A whole day of drawing and nothing to show for it. After a break I always have to start at zero all over again and it's the most frustrating thing in the entire world.
Of course I have an idea and of course I don't take small steps. That would be too boring, wouldn't it? To soothe myself step by small step until I reach where I have been before. Instead, I'm expecting one of those (very rare) moments of grace to take place. Right. Now. What? The Universe and all it's connections? Of course. I can draw that. In one day.
Humble? How do you spell that one?
You get the idea. This is what I have been all day. The pits.
Luckily, tomorrow is another day and we're all allowed to start over again.
Fortunately for tonight, everything can be healed and a broken day might be fixed in the kitchen.
There is something so soothing about preparing food. Even now that I'm on my own and don't cook for an entire soccer team of winemakers anymore, cooking hasn't lost any of the sense it makes to me. It's not because I'm sick and can't eat just anything I want, either, I think.
Maybe it has to do with the mechanic motions. Cleaning, cutting... the movements, always the same. The pride in transforming good ingredients into something else with almost no effort at all.
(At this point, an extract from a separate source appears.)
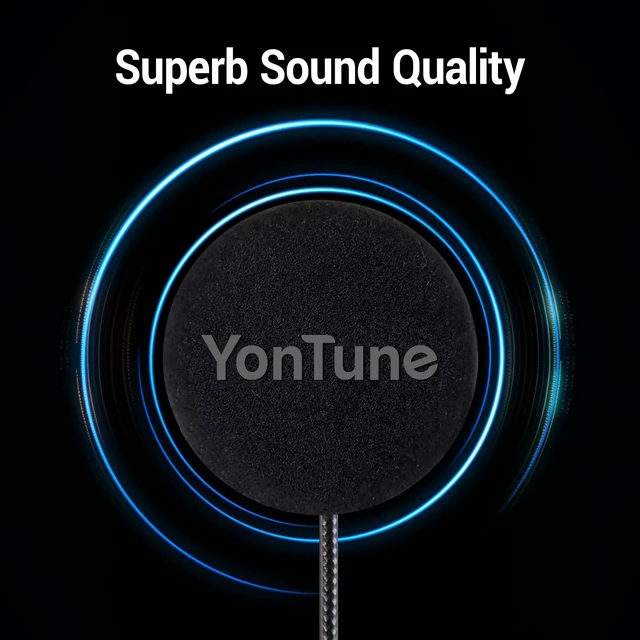 Alt view image 4 of 5 - Yontune Motorcycle Helmet Bluetooth Headset, Motorcycle Helmet Speakers with 2 Type Mics, Hands Free Call/Music/IPX5/Noise Cancellation/Wake Up Siri,C2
Maybe it's the kitchen itself. I can't remember how many nights we ended up in the kitchen, drunk or sober, numerous and all tangled in one big cozy pile on the floor, or just a few, going through the fridge late at night or early one morning. Sitting on counters, pacing, whatever the moment called for. I guess if you have an emotion to loose or one to acquire, the kitchen would be a good place for that.